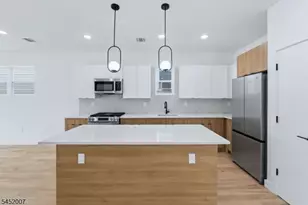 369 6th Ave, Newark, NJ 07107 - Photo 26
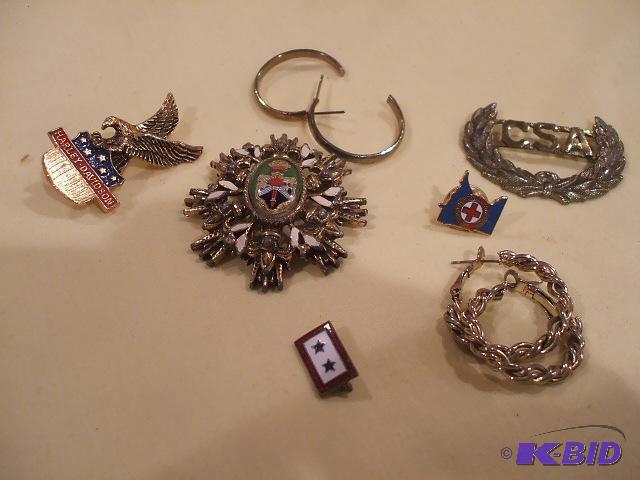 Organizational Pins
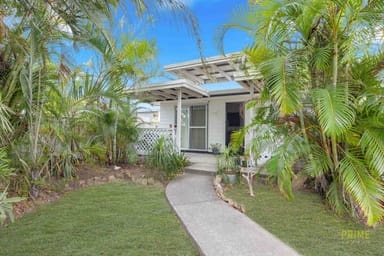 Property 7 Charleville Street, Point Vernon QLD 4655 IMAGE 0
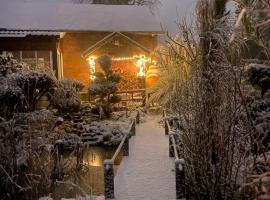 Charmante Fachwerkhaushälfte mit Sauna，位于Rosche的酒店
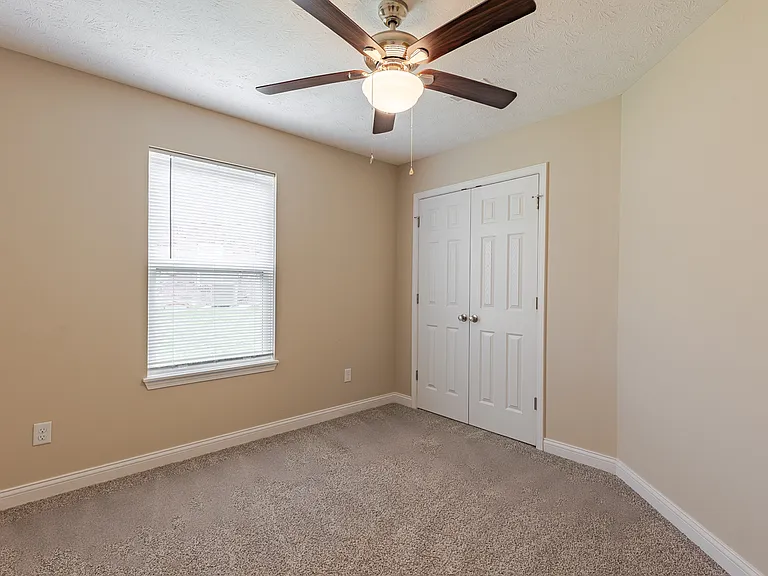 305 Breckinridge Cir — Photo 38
_ _ _
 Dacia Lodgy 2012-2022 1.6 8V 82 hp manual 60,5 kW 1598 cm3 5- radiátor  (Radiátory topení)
_ _ _
▶ [What is required]
In the listing above, find the line containing "369 6th Ave, Newark, NJ 07107 - Photo 26". Output it and every line after it up to and including the line containing "305 Breckinridge Cir — Photo 38", exactly, but skip the pictures.

▶ [Solution for this problem]
 369 6th Ave, Newark, NJ 07107 - Photo 26
 Organizational Pins
 Property 7 Charleville Street, Point Vernon QLD 4655 IMAGE 0
 Charmante Fachwerkhaushälfte mit Sauna，位于Rosche的酒店
 305 Breckinridge Cir — Photo 38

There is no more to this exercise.